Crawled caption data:
- - - -
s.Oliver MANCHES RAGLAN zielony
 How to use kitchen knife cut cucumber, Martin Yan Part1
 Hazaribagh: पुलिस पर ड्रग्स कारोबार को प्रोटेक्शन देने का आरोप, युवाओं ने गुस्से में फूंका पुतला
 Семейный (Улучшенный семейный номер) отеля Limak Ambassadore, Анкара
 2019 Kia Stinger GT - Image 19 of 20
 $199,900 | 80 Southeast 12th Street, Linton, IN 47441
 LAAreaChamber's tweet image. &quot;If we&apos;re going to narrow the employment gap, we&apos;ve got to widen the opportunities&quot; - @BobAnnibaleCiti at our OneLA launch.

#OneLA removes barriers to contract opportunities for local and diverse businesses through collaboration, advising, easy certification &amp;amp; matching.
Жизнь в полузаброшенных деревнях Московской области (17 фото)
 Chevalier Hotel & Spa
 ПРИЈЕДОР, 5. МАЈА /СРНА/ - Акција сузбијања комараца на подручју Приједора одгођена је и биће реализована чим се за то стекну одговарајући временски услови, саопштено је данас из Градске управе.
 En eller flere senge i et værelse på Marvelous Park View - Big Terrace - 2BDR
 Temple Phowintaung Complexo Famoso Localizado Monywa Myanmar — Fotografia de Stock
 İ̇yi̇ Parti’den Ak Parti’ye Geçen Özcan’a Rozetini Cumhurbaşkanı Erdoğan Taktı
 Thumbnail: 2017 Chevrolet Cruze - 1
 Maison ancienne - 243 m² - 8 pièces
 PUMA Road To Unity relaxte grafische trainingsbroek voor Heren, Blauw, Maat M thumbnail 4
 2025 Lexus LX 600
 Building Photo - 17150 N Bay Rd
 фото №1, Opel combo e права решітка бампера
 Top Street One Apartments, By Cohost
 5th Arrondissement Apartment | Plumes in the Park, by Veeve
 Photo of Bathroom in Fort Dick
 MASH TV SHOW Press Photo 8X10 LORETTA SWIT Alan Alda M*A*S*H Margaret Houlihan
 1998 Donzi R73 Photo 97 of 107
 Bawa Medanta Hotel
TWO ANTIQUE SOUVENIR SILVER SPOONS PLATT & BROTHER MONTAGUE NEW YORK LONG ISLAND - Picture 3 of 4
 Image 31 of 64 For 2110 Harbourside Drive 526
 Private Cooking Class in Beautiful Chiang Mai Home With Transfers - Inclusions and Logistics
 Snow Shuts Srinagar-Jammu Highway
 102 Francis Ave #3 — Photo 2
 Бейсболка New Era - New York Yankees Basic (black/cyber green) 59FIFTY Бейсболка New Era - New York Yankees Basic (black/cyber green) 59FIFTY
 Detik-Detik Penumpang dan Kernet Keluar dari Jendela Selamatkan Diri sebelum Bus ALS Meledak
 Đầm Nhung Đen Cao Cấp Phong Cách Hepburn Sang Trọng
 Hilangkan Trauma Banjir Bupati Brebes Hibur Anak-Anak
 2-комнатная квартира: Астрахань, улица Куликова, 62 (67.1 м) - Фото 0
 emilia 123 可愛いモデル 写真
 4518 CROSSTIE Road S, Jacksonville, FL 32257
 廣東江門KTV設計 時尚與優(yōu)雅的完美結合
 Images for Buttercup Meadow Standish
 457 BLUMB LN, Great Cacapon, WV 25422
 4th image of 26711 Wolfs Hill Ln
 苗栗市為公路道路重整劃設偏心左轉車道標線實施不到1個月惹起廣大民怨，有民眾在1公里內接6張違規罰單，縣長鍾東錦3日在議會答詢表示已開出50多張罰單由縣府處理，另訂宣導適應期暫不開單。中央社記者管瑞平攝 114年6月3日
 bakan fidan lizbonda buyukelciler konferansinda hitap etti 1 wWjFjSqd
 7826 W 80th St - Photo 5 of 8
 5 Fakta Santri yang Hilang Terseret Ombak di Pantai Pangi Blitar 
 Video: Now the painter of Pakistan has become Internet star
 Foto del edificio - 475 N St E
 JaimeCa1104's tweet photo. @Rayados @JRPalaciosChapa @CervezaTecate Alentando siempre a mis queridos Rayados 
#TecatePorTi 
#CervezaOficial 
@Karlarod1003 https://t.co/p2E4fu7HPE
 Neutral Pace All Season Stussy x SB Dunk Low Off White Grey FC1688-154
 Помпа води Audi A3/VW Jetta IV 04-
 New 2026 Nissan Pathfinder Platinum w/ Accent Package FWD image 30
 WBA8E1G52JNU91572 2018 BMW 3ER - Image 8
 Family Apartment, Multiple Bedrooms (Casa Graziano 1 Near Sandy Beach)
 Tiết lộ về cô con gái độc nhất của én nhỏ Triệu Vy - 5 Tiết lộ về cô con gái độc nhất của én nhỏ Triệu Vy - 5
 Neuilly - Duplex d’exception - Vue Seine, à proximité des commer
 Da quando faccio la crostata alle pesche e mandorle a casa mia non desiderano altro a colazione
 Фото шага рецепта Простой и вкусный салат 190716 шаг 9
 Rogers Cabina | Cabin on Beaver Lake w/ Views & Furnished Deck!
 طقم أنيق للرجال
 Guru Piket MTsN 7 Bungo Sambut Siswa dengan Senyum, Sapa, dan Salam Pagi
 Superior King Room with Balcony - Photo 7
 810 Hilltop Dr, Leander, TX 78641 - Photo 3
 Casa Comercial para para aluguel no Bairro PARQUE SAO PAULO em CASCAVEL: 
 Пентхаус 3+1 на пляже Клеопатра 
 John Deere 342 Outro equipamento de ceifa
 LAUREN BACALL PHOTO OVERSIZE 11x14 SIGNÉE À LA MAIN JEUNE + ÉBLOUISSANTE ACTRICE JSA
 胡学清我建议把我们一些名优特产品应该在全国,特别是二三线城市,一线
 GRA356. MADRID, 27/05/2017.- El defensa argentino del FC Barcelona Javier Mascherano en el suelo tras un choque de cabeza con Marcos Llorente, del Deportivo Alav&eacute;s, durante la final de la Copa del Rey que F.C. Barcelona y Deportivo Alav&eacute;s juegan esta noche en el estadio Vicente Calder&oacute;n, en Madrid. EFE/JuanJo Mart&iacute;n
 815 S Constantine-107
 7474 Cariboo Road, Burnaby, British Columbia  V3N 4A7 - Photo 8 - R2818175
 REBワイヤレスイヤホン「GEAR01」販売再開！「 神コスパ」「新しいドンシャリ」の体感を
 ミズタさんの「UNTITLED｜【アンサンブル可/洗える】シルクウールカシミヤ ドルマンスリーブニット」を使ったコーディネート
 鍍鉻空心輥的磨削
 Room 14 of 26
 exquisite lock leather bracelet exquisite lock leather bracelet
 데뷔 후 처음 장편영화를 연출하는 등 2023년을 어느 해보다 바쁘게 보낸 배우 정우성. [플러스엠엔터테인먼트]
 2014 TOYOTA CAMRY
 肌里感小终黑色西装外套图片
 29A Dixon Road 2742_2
- - - -
▶ _DIRECTIONS FOR THIS TASK_
An exact copy of the lines from the one containing "데뷔 후 처음 장편영화를" through the end of the data above is the whole answer.

▶ _THE ANSWER_
 데뷔 후 처음 장편영화를 연출하는 등 2023년을 어느 해보다 바쁘게 보낸 배우 정우성. [플러스엠엔터테인먼트]
 2014 TOYOTA CAMRY
 肌里感小终黑色西装外套图片
 29A Dixon Road 2742_2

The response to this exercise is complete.